▸ **INSTRUCTIONS TO FOLLOW**:
Once the line with "Beecher Coat of Arms Framed - Brown" is found in the entries below, repeat it and each following line exactly, up to and including the line with "TX license plate BGO6309". Add no other lines.

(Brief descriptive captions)

[Start of Attachment]

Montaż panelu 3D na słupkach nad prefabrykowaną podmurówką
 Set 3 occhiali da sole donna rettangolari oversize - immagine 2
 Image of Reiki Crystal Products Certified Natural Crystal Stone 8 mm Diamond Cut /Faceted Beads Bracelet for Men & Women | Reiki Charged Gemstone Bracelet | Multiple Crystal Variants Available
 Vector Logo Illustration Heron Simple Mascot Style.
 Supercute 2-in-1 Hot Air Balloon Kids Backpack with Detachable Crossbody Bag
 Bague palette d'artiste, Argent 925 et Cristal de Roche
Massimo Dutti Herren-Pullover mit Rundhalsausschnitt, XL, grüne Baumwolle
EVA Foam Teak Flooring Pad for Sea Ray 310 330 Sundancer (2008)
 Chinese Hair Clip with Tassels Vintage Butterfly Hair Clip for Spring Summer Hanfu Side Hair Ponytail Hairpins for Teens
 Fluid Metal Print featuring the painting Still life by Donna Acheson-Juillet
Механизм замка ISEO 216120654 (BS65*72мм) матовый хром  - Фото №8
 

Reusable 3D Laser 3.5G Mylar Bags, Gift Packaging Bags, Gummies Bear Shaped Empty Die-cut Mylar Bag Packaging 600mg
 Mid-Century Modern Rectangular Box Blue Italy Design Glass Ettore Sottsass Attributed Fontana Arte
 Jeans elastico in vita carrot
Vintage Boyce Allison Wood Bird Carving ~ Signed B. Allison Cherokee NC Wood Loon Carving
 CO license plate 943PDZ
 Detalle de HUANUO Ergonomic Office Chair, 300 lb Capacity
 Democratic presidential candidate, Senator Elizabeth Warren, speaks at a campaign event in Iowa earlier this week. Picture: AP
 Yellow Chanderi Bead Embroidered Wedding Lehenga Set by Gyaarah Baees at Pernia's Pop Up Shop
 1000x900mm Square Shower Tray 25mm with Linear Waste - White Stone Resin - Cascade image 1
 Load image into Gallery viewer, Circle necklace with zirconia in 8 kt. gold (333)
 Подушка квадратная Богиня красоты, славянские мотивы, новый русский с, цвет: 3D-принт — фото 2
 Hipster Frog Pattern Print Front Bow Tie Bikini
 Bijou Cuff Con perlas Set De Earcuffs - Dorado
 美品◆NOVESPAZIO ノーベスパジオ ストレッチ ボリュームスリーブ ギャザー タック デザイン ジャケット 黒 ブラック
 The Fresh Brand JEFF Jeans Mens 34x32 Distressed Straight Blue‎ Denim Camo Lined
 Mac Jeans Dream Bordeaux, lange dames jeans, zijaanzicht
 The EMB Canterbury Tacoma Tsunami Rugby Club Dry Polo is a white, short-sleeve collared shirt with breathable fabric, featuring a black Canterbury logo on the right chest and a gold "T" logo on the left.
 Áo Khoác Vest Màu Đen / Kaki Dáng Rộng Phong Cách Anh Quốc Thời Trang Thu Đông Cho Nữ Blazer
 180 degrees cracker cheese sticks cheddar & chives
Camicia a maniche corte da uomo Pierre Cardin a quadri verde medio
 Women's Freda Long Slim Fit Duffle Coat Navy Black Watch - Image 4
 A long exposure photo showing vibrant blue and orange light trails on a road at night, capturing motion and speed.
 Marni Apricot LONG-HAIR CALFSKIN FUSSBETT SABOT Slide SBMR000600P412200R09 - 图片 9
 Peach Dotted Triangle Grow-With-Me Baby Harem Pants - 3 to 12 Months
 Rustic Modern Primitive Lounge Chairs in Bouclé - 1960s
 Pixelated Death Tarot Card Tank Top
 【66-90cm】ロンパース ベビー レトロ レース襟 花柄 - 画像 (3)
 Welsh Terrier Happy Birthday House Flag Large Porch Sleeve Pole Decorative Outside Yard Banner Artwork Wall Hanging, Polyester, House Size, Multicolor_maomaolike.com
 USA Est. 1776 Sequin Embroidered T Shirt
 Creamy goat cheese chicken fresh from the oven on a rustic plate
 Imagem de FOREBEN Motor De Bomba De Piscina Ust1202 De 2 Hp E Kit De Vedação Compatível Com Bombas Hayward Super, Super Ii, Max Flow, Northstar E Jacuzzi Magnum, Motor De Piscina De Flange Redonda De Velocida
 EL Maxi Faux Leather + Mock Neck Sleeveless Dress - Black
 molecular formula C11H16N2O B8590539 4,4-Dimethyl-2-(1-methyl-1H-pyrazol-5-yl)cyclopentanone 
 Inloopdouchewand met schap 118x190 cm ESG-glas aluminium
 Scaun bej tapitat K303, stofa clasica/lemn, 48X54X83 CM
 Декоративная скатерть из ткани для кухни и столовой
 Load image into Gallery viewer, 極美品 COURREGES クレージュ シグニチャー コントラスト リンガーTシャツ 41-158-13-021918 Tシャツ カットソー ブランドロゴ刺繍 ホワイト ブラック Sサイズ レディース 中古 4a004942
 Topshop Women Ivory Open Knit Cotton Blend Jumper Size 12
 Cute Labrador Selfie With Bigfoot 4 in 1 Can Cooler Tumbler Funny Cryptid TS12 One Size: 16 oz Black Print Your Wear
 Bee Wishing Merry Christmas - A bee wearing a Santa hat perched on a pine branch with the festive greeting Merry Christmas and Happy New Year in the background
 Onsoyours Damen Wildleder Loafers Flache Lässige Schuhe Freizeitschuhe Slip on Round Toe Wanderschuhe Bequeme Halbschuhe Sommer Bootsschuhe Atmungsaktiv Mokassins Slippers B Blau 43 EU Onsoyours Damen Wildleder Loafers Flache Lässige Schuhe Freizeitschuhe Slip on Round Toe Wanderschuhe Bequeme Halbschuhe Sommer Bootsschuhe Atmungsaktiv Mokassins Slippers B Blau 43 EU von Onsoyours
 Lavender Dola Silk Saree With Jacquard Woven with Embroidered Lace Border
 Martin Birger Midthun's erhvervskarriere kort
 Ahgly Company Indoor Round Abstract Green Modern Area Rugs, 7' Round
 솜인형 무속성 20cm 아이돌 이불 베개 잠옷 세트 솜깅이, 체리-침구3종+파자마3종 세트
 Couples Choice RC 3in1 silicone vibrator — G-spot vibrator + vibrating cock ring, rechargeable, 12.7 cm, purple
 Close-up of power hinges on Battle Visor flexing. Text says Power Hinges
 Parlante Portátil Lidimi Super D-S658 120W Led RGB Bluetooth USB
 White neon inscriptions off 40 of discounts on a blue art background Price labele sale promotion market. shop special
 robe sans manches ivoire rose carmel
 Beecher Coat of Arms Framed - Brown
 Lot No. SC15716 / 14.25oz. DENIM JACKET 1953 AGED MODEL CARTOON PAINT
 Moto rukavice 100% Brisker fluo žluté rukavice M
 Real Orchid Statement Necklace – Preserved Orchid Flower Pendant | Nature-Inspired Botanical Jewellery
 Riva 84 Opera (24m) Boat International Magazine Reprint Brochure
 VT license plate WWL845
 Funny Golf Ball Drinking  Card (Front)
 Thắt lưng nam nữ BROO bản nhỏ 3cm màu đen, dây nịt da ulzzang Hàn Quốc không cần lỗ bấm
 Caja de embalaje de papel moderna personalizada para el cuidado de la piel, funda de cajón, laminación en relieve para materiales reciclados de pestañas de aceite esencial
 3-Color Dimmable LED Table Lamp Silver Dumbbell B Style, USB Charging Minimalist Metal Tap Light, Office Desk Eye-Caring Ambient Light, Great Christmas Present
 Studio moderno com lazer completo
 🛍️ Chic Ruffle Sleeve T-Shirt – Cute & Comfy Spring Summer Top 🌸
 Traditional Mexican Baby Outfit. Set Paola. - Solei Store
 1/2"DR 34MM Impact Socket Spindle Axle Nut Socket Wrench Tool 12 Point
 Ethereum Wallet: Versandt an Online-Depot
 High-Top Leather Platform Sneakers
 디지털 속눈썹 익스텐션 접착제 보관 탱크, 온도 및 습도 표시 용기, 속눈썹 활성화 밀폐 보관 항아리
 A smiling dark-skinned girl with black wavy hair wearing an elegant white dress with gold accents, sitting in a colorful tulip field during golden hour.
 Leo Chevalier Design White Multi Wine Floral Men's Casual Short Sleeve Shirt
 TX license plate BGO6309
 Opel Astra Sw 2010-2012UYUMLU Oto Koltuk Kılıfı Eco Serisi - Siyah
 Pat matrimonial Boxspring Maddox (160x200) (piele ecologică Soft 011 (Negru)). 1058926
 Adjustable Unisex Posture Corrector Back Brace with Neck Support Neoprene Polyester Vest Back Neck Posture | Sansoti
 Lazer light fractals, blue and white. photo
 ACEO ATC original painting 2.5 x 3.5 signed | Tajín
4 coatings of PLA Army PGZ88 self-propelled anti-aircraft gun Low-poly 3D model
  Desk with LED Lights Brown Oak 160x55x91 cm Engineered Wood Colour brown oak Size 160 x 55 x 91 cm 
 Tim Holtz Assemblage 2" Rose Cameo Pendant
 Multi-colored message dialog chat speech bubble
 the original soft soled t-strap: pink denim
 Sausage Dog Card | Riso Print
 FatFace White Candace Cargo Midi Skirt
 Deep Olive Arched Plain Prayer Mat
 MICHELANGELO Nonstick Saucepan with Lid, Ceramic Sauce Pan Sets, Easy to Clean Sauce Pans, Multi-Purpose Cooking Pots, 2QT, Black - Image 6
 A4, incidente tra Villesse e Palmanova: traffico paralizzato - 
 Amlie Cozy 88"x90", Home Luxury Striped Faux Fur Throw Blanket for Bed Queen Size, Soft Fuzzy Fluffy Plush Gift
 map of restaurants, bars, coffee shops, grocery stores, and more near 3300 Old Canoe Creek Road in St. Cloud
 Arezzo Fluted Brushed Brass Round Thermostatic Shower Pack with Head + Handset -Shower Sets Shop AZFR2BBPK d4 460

[End of Attachment]

▸ **EXERCISE OUTPUT**:
 Beecher Coat of Arms Framed - Brown
 Lot No. SC15716 / 14.25oz. DENIM JACKET 1953 AGED MODEL CARTOON PAINT
 Moto rukavice 100% Brisker fluo žluté rukavice M
 Real Orchid Statement Necklace – Preserved Orchid Flower Pendant | Nature-Inspired Botanical Jewellery
 Riva 84 Opera (24m) Boat International Magazine Reprint Brochure
 VT license plate WWL845
 Funny Golf Ball Drinking  Card (Front)
 Thắt lưng nam nữ BROO bản nhỏ 3cm màu đen, dây nịt da ulzzang Hàn Quốc không cần lỗ bấm
 Caja de embalaje de papel moderna personalizada para el cuidado de la piel, funda de cajón, laminación en relieve para materiales reciclados de pestañas de aceite esencial
 3-Color Dimmable LED Table Lamp Silver Dumbbell B Style, USB Charging Minimalist Metal Tap Light, Office Desk Eye-Caring Ambient Light, Great Christmas Present
 Studio moderno com lazer completo
 🛍️ Chic Ruffle Sleeve T-Shirt – Cute & Comfy Spring Summer Top 🌸
 Traditional Mexican Baby Outfit. Set Paola. - Solei Store
 1/2"DR 34MM Impact Socket Spindle Axle Nut Socket Wrench Tool 12 Point
 Ethereum Wallet: Versandt an Online-Depot
 High-Top Leather Platform Sneakers
 디지털 속눈썹 익스텐션 접착제 보관 탱크, 온도 및 습도 표시 용기, 속눈썹 활성화 밀폐 보관 항아리
 A smiling dark-skinned girl with black wavy hair wearing an elegant white dress with gold accents, sitting in a colorful tulip field during golden hour.
 Leo Chevalier Design White Multi Wine Floral Men's Casual Short Sleeve Shirt
 TX license plate BGO6309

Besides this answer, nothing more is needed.